BMW streetlight car charging

The biggest problems that the electric car movement is facing are (as always) both financial and technological. Firstly, the cars themselves need to drop significantly in price before they are even considered to be viable for the everyday consumer. The battery packs also need to see a substantial reduction in price. Though, this is also mainly technical, too, as the resources are not yet there to produce long-lasting and financially viable battery packs to rent or buy. Another problem is the lack of charging stations.

It seems that rather than looking into groundbreaking, revolutionary new innovations to supply necessary charge to our electric and hybrid cars, a simple and sustainable solution has been hanging above our heads for quite some time.
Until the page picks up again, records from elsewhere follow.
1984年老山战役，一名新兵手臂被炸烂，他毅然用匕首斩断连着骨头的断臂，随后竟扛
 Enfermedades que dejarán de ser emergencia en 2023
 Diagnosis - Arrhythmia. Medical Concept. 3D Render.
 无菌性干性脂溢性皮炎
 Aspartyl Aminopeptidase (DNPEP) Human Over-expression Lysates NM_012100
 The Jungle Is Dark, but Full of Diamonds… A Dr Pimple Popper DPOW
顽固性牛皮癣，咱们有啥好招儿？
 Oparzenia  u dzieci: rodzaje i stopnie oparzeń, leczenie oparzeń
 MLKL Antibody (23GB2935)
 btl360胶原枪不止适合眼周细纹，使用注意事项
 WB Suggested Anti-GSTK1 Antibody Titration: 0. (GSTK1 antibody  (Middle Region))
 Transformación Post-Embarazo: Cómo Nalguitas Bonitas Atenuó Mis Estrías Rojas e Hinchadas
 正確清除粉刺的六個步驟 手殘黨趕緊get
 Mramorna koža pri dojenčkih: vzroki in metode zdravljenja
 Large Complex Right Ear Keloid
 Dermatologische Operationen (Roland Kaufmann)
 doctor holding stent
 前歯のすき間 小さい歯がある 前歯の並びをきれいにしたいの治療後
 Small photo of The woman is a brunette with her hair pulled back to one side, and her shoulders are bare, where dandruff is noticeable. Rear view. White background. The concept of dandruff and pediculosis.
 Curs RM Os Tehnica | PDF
BMW is the first among what will surely be many major car makers who are starting to make use of streetlights for electric car charging..

 

Using Streetlights for Electric Car Charging

Streetlights have long been a part of our everyday lives, a simple piece of ingenuity that has safeguarded our streets and helped drivers find their way on the darkest and foggiest of nights. The first record of street lighting was back in the 4th century in Antioch, Turkey and the logic behind street lighting is still the same today.

Street lighting also carries a safety aspect. Car owners leave their cars under streetlights because it significantly cuts the chance of their car either being vandalized or broken into.

So, what if we could leave our car somewhere that’s both safe, and with the piece of mind that we’d be coming back to a fully charged car the next morning.

BMW has already produced two of the “Light and Charge” streetlight stations which have been placed outside their headquarters in Munich, where they will run as a pilot program to ensure the concept works before they ultimately expand the program, providing everything goes well. Reuters reports that Munich should see the “Light and Charge” pop up hopefully as soon as next year.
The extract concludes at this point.